Exercise goal: Word for word, restate the lines of the listing below from the line with "Pantaloni scurti Fendi" through the line with "Wooden Table With Beige Lather Top", and do not include the pictures.

*** Opening Supplied material ***

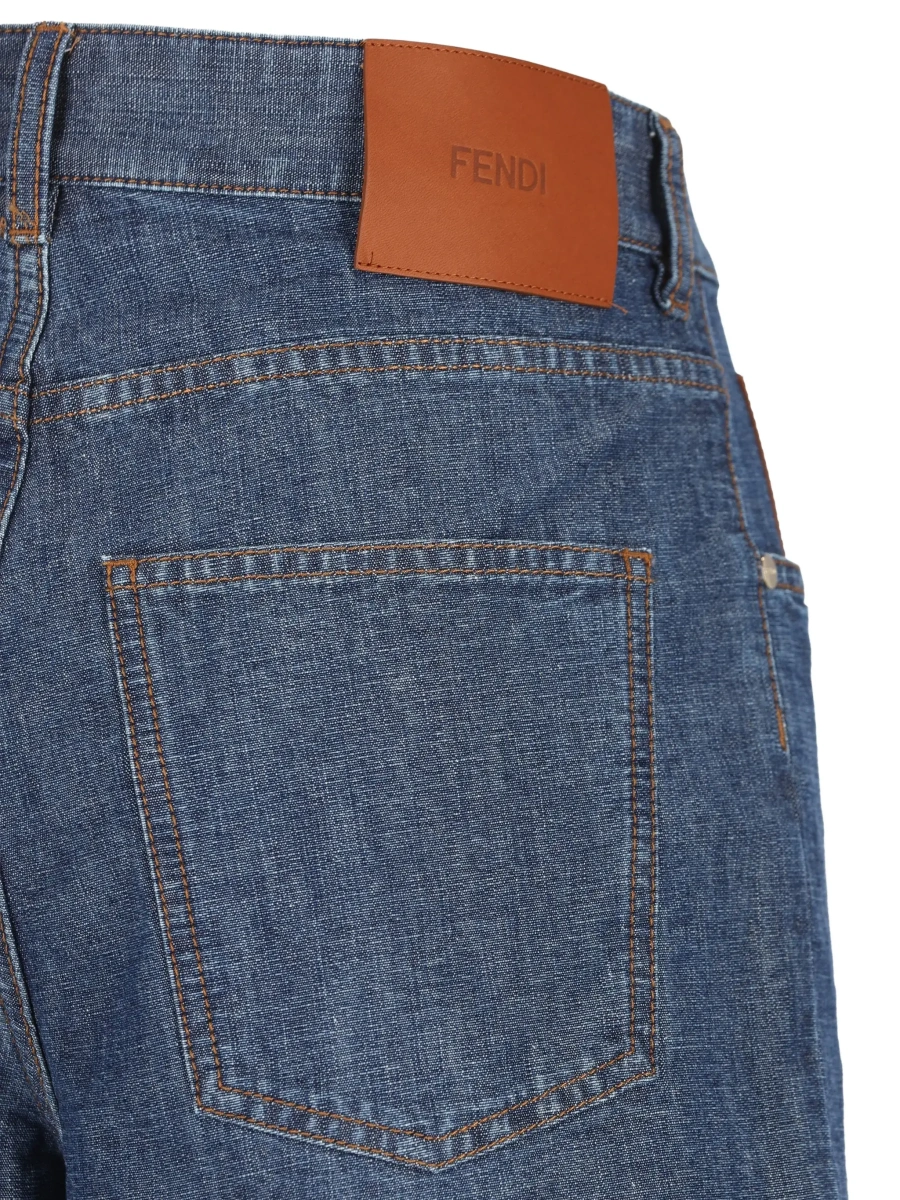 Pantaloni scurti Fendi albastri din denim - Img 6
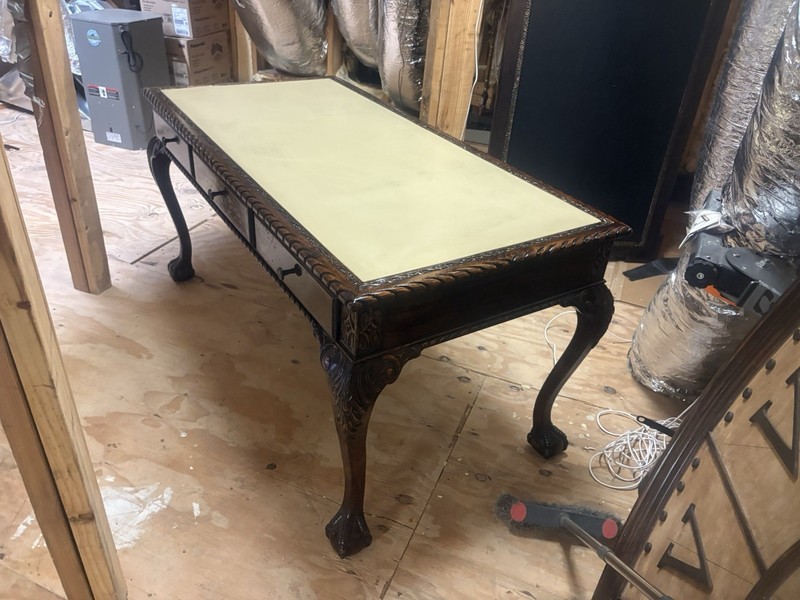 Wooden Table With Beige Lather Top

*** Closing Supplied material ***
*** Opening Supplied material ***

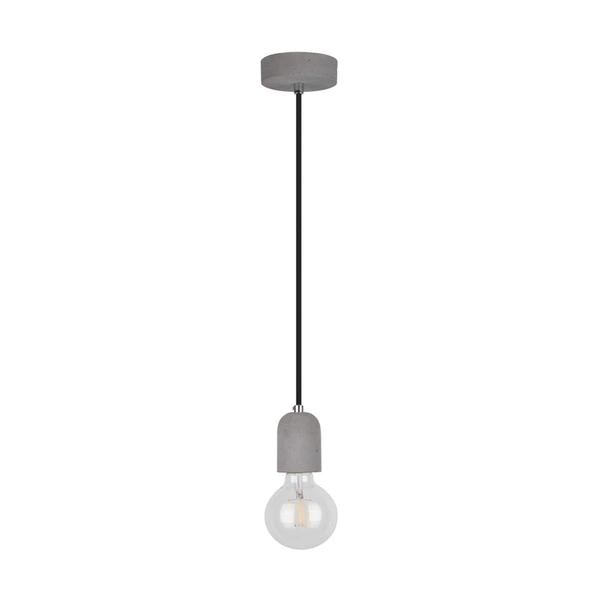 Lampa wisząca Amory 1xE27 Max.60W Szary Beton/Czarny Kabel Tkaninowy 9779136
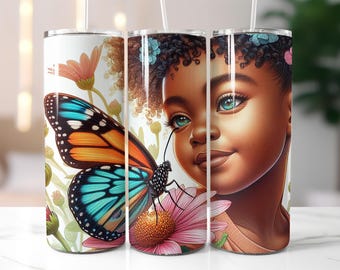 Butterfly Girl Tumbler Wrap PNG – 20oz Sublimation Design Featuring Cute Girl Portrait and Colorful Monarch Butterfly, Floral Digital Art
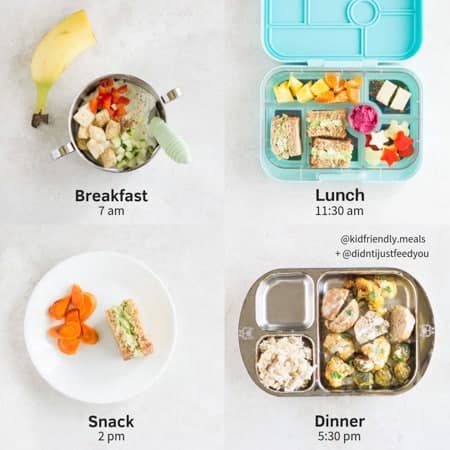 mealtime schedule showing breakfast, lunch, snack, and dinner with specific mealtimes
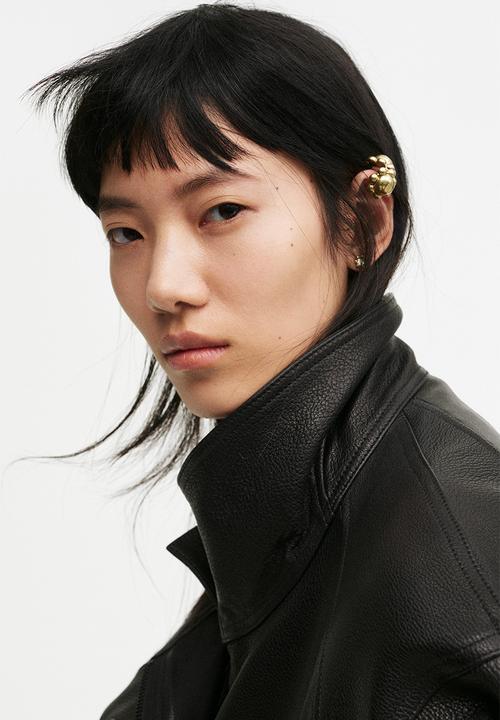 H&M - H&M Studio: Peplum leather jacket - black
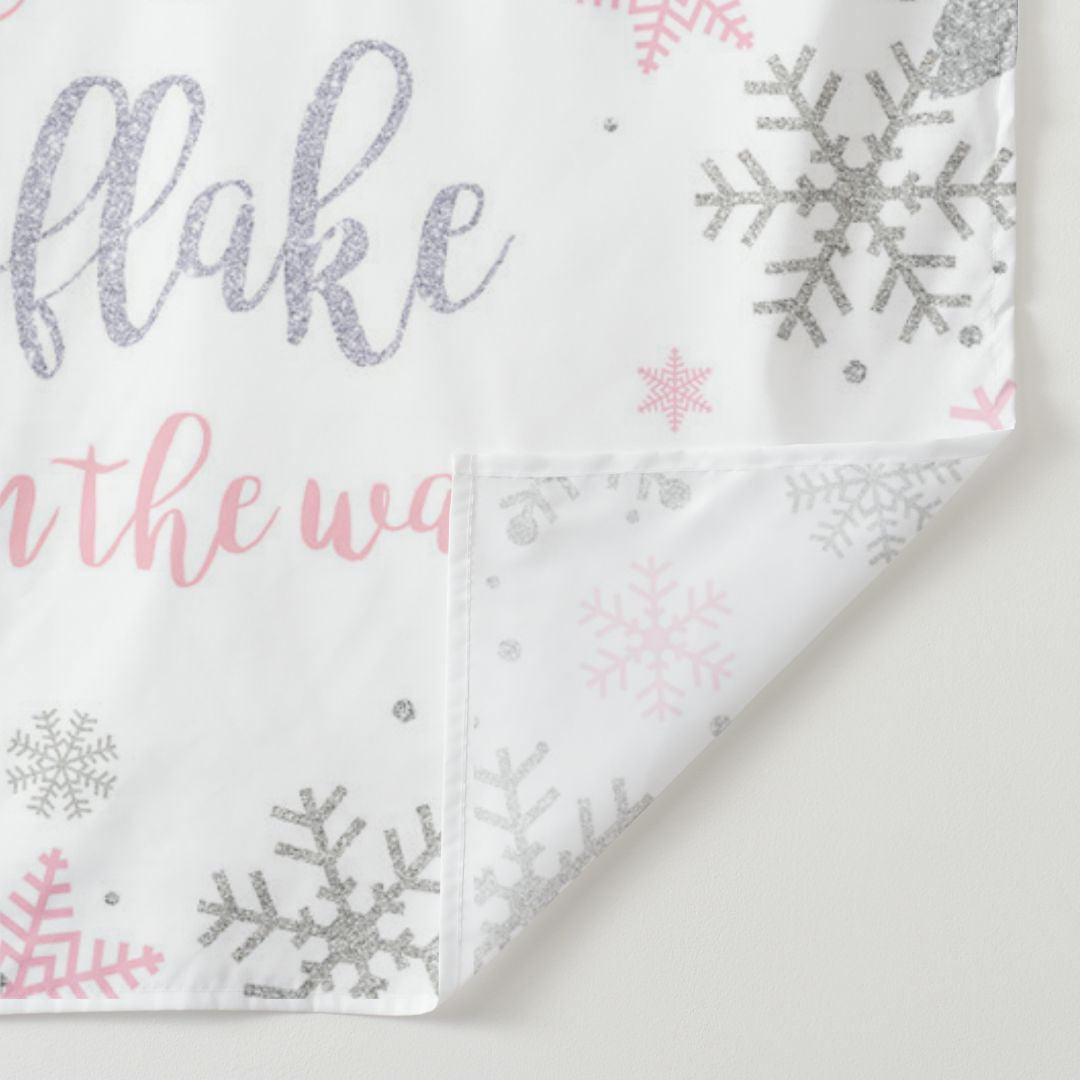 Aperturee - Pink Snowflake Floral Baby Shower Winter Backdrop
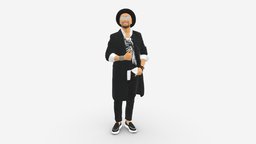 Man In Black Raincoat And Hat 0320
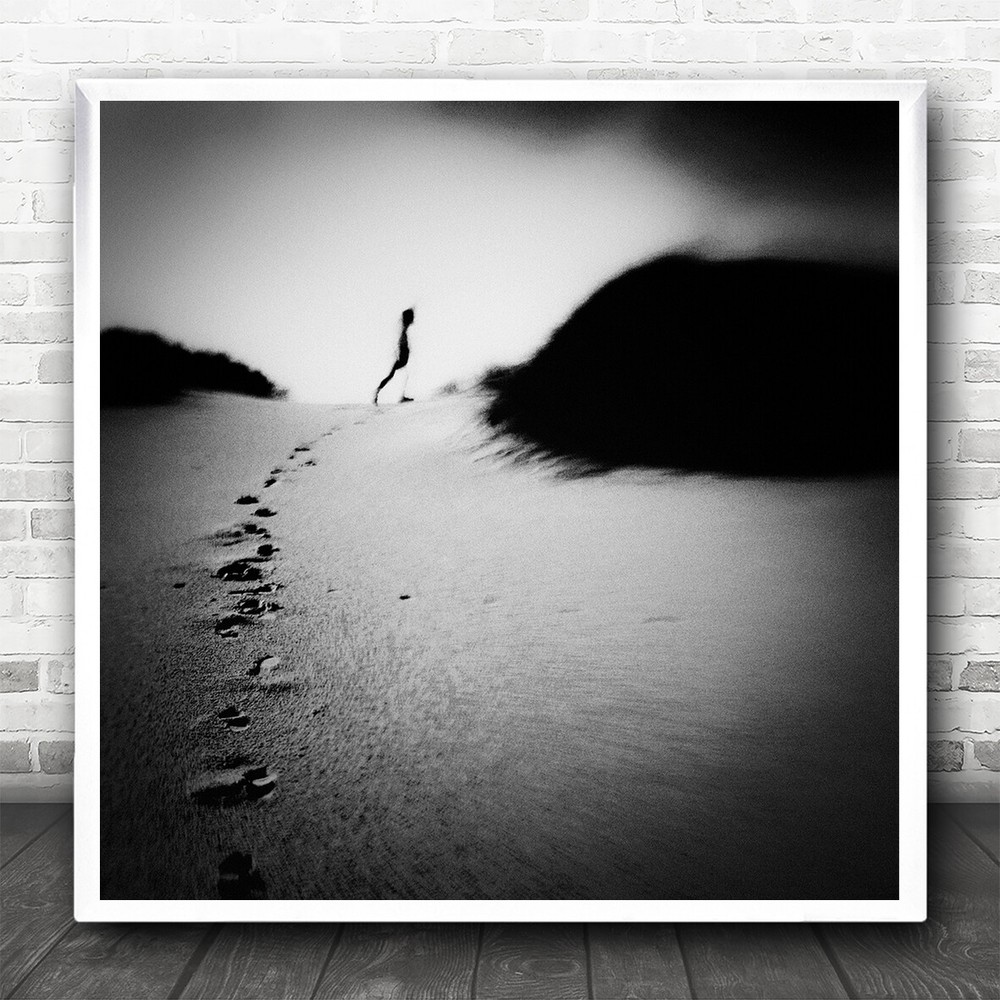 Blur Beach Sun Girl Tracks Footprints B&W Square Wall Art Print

*** Closing Supplied material ***

Worked solution:
 Pantaloni scurti Fendi albastri din denim - Img 6
 Wooden Table With Beige Lather Top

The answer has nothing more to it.